Ms. Day's naturalistic (not airbrushed) photos were labelled "gritty" and "grunge," and they were refreshing after the big hair, padded shoulders, and caked-on makeup that characterized fashion photography of the late 1980's.  But over the next few years, this gritty style got more and more extreme. Relatively healthy-looking models like Cindy Crawford and Naomi Campbell were replaced by gals like Moss who looked anorexic and/or addicted. "Heroin Chic" was born.

by Mario Sorrenti, 1993
In 1993, Ms. Day took another batch of photos of Ms. Moss for British Vogue. The photos came under fire because of how skinny Ms. Moss's appeared in them. People suspected an eating disorder or drug addiction. Adding fuel to the fire were photos taken of Kate Moss by Mario Sorrenti for Calvin Klein's Obsession for Men campaign. The images of an emaciated, wasted-looking Moss were EVERYWHERE: billboards, the sides of buses, every magazine you opened.

At the same time, grunge was taking over the music charts, heroin usage was on the rise, the economy sucked, and the crime rate was skyrocketing. It was a dark time, and though photos of some skinny British model seem insignificant in comparison, if you were a young woman at the time, you couldn't help but be negatively affected by them.

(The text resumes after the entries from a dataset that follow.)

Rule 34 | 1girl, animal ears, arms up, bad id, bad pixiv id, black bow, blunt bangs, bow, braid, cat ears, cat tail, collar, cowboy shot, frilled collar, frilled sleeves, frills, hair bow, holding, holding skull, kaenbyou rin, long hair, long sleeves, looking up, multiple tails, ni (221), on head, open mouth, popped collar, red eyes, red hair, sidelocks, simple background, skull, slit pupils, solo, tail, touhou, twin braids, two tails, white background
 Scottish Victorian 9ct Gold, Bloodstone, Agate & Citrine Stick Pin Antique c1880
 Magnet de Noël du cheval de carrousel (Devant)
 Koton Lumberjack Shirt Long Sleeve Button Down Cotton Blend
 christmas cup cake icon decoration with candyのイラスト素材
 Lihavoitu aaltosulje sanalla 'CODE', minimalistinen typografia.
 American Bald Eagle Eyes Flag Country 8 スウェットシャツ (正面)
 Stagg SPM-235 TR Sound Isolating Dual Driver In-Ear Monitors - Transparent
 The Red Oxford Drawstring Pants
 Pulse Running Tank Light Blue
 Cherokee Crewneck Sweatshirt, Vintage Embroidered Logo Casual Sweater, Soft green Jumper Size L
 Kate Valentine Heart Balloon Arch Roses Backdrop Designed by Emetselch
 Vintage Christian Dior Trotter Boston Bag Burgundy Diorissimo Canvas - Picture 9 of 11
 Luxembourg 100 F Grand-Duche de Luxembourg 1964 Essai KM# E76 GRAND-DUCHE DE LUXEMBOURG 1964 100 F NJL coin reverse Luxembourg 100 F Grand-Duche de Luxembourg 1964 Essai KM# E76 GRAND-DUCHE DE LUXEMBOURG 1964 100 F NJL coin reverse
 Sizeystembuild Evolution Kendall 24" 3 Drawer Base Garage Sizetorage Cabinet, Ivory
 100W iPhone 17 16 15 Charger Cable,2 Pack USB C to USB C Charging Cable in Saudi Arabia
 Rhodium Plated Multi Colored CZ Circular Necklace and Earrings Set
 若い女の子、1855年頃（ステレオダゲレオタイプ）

Thin was obviously in, and for me--a highly-impressionable young woman, recently out of college, just moved to Manhattan, trying to find a career (and a life)--it was powerful stuff. Girls in the city actually WERE that skinny, and they pouted and slouched and smoked their way around the Lower East Side looking gorgeous. My body shape naturally being closer to Kate Moss than Anna Nicole Smith, I fell for it hook, line, and sinker. Many fewer calories and lots of miles on the treadmill later, my body actually (scarily) resembled Ms. Moss's.

No, I'm not blaming Corinne Day for my journey to the dark side, but if she'd not taken those photos of Kate Moss back in 1990 that catapulted her to fame, who knows what the alternative would've been? All I'm saying is that in the early 90's, when conditions in the world were so dark and depressing, did we really need art and advertising to echo the times?